ACTIVITY: Although the records contain pictures, only their text should be reproduced, exactly as written.

DATA PROVIDED:
#####
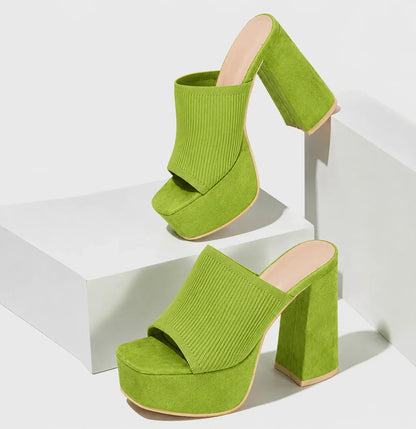 Women's ribbed knit square-toe platform sandals with chunky block heel – Lime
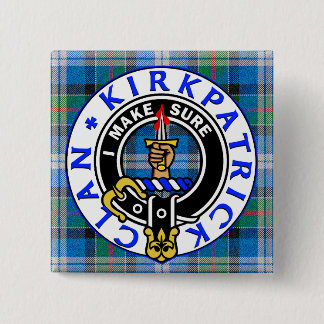 CLAN KIRKPATRICK CREST on TARTAN SQUARE 15 Cm Square Badge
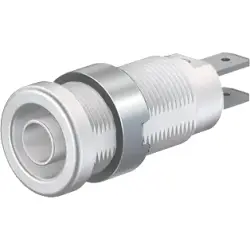 4 mm socket, flat plug connection, mounting Ø 12.2 mm, CAT IV, white, 66.9131-29
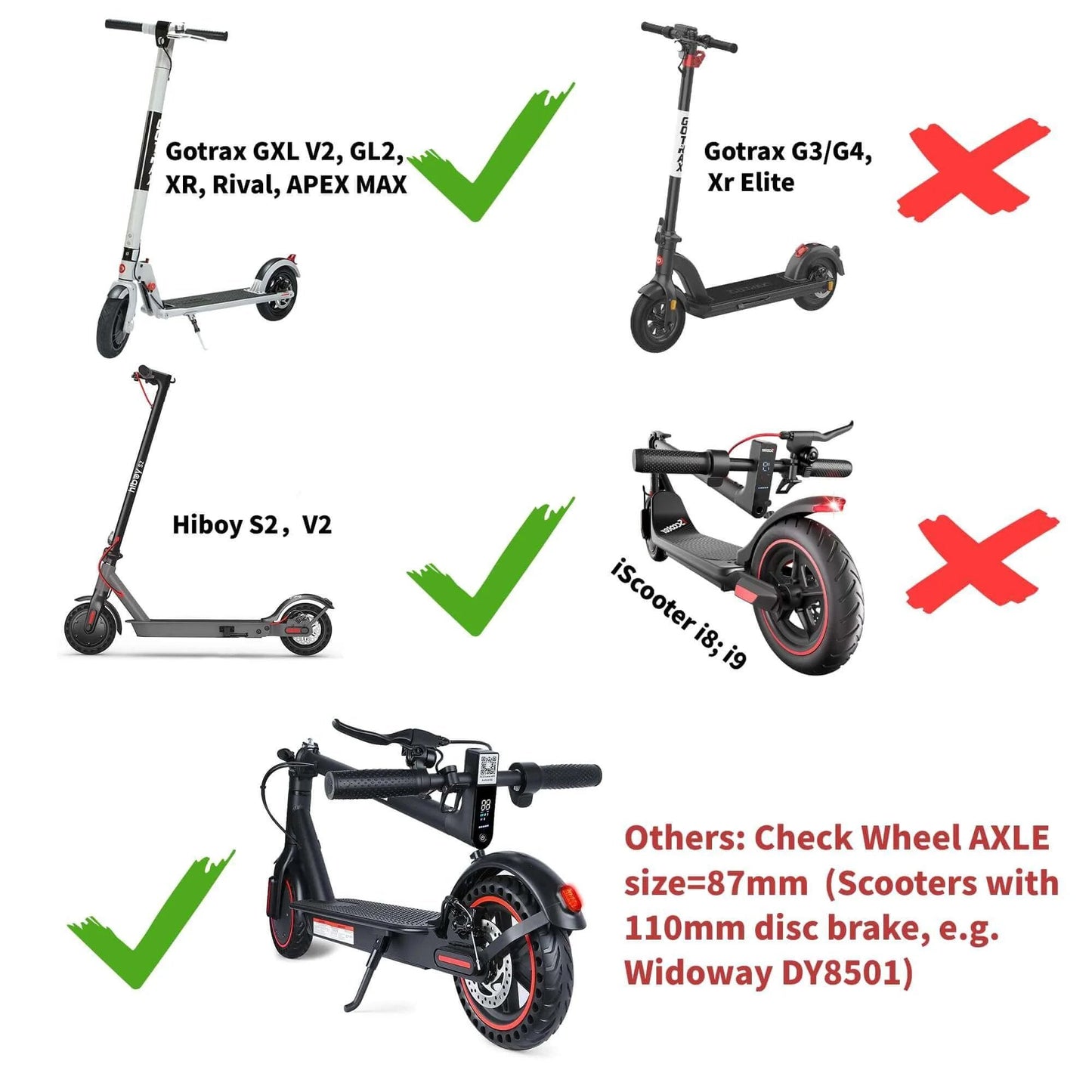 Compatibility chart for 8.5'' Electric Scooter Replacement Rear Wheel – Solid Tire with Wheel Hub & 110mm Brake Disc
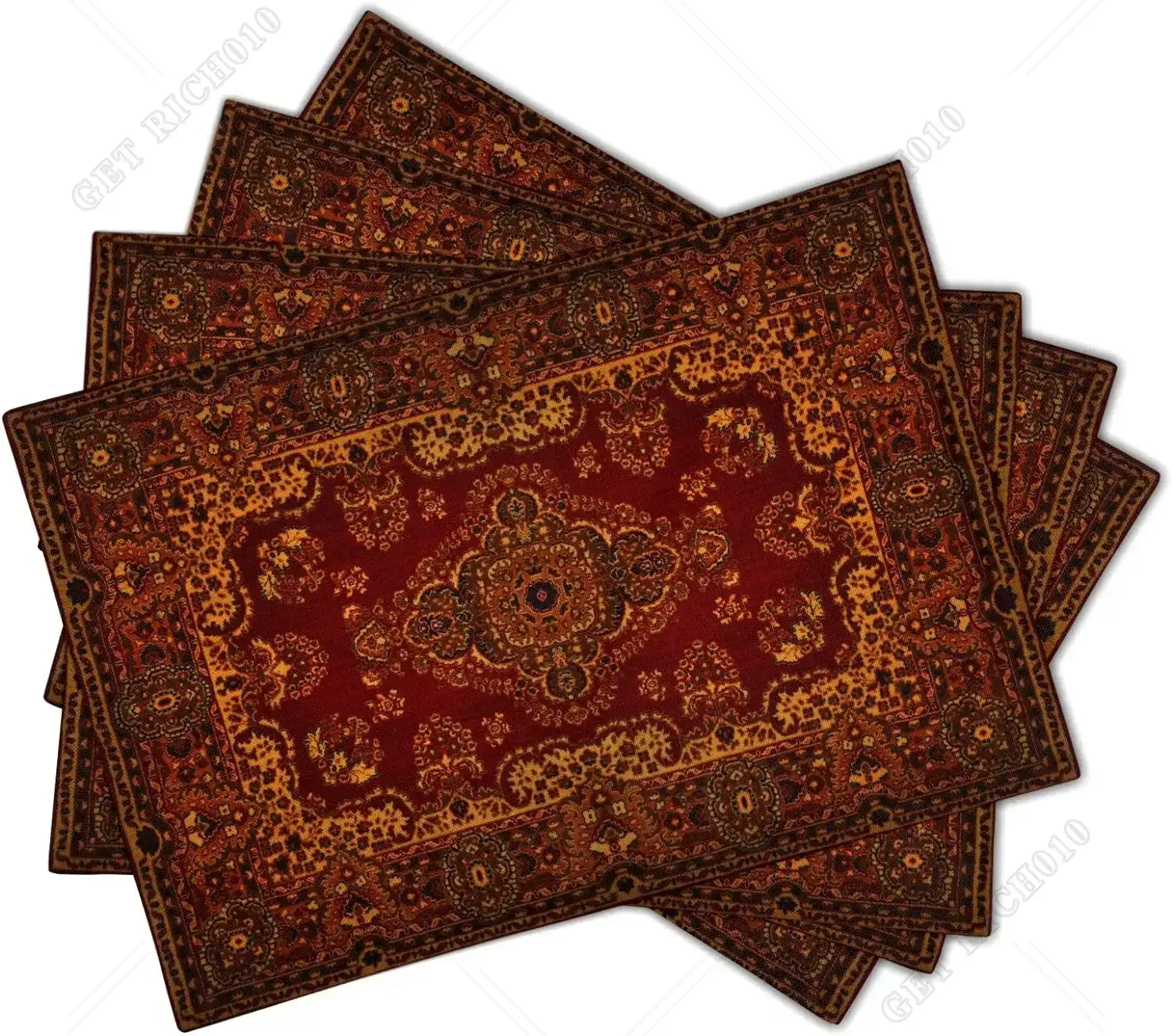 30x45cm 4pcs Red Gold Boho Placemats Bohemian Retro Linen Washable Kitchen Dining Table Mats Stain Heat Resistant Decor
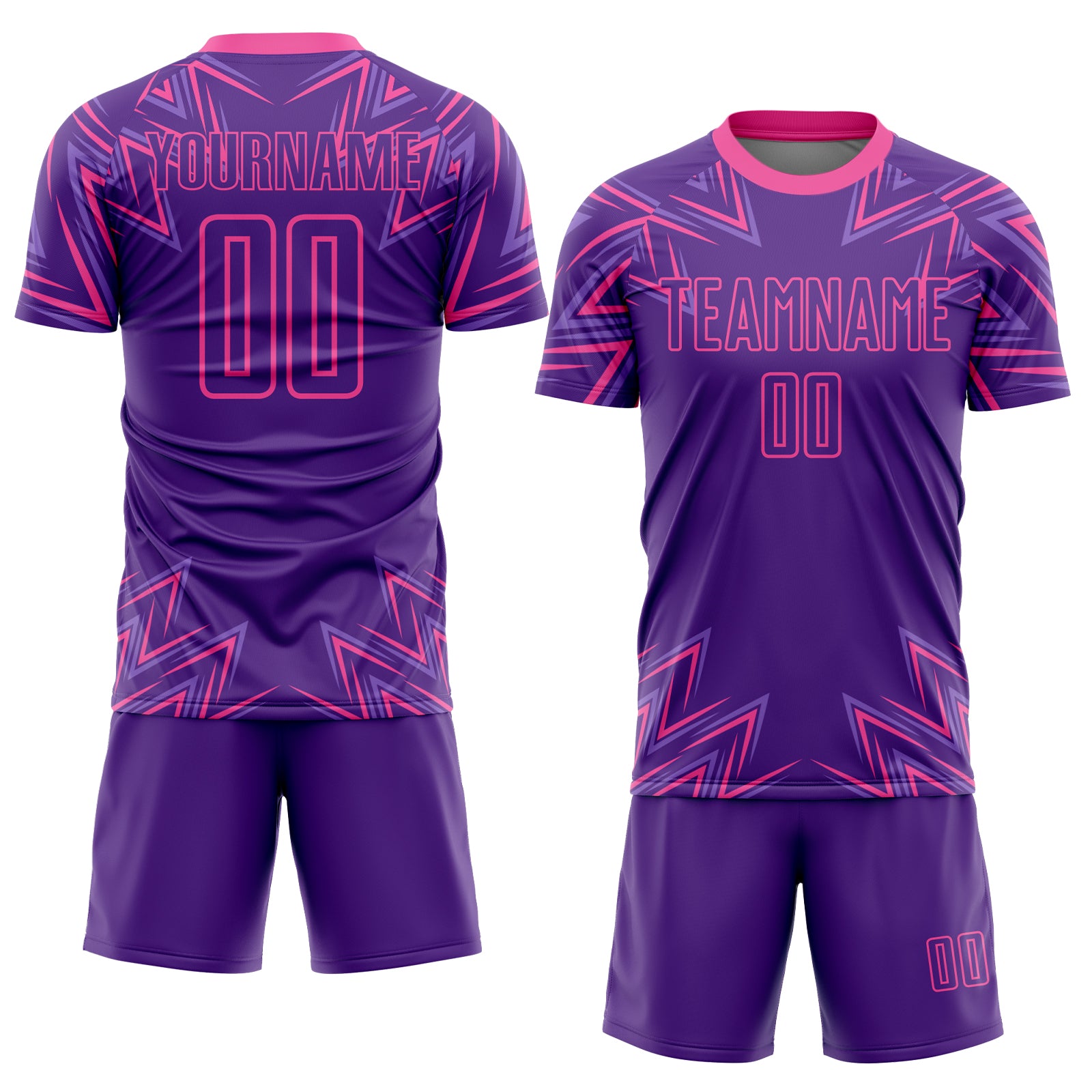 Custom Purple Pink Geometric Shapes Sublimation Soccer Uniform Jersey～～～$16.99～Sublimation Soccer～～mysite～shopiaas～啦啦啦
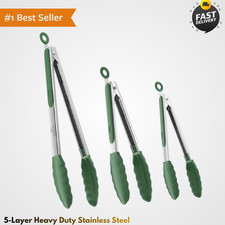 Heat-Resistant Kitchen Tongs Set -  Locking Tongs with Silicone Tips picture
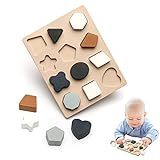 Sortierspiel Geometrische Formen Puzzle Silikon Tangram Puzzle Set Lernspielzeug für Kinder ab 2 3 4 Jahr (Khaki)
#####
WRITTEN SOLUTION:
 Women's ribbed knit square-toe platform sandals with chunky block heel – Lime
 CLAN KIRKPATRICK CREST on TARTAN SQUARE 15 Cm Square Badge
 4 mm socket, flat plug connection, mounting Ø 12.2 mm, CAT IV, white, 66.9131-29
 Compatibility chart for 8.5'' Electric Scooter Replacement Rear Wheel – Solid Tire with Wheel Hub & 110mm Brake Disc
 30x45cm 4pcs Red Gold Boho Placemats Bohemian Retro Linen Washable Kitchen Dining Table Mats Stain Heat Resistant Decor
 Custom Purple Pink Geometric Shapes Sublimation Soccer Uniform Jersey～～～$16.99～Sublimation Soccer～～mysite～shopiaas～啦啦啦
 Heat-Resistant Kitchen Tongs Set -  Locking Tongs with Silicone Tips picture
 Sortierspiel Geometrische Formen Puzzle Silikon Tangram Puzzle Set Lernspielzeug für Kinder ab 2 3 4 Jahr (Khaki)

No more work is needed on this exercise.